É nessa declaração que Zé Luiz se agarra ao afirmar que houve pouco interesse do Ministério Público para apresentar a denúncia criminal.

Nos últimos 20 anos, ele peregrinou em busca de provas. Sempre que encontrava algo, remetia ao Ministério Público do Rio. Seu casamento acabou e seu filho mais velho deixou o país para morar em Portugal.

"Nos últimos 20 anos minha vida foi totalmente dedicada a fazer justiça pelo Maicon, mas ninguém foi responsabilizado. Eu culpo o Ministério Público, que tinha todas as evidências e nunca fez nada.

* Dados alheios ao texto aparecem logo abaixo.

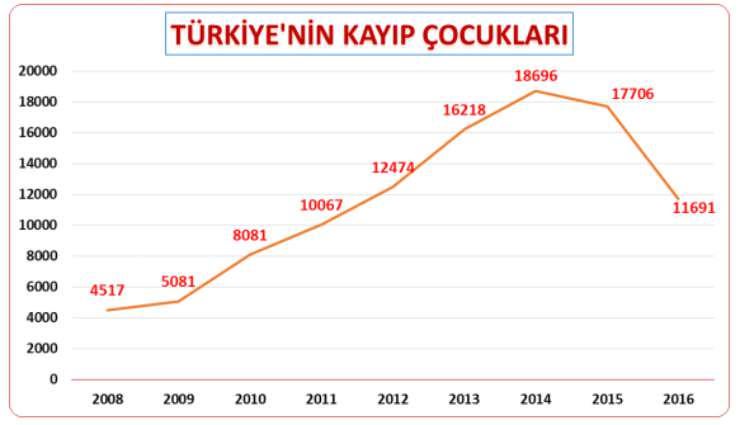 Lost Children in Our Country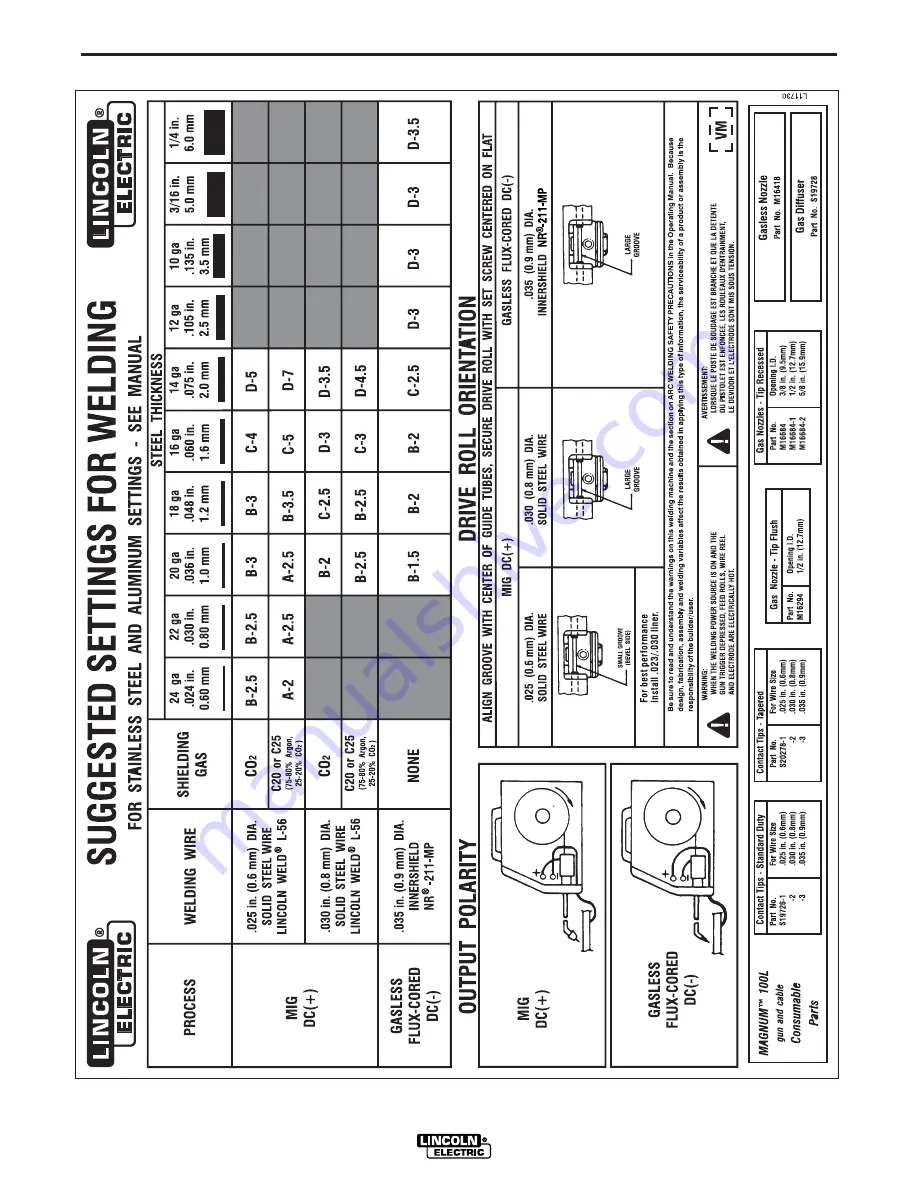 Lincoln Electric Pro-MIG 135 Скачать руководство пользователя страница 31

É por isso que, na favela, o policial, também pobre, mata o povo pobre. Nunca vai mudar", disse.

Com o suporte das ONGs Projeto Legal, Justiça Global e Anistia Internacional, um processo foi aberto na Comissão Interamericana de Direitos Humanos, organismo da OEA (Organização dos Estados Americanos).

Em 2014 houve admissibilidade do caso, que é quando a comissão considera que o devido processo legal não foi respeitado e que cabe o julgamento em organismo internacional. Nesse caso, o acusado é o Estado do Rio. O processo, neste momento, está em fase de instrução.

Procurado, o Ministério Público do Rio disse, em nota, que Zé Luiz foi recebido por representantes da Procuradoria e teria recebido "orientações sobre medidas que ainda podem ser tomadas no âmbito judicial". A reportagem não localizou o policial Pedro Dimitri Amaral.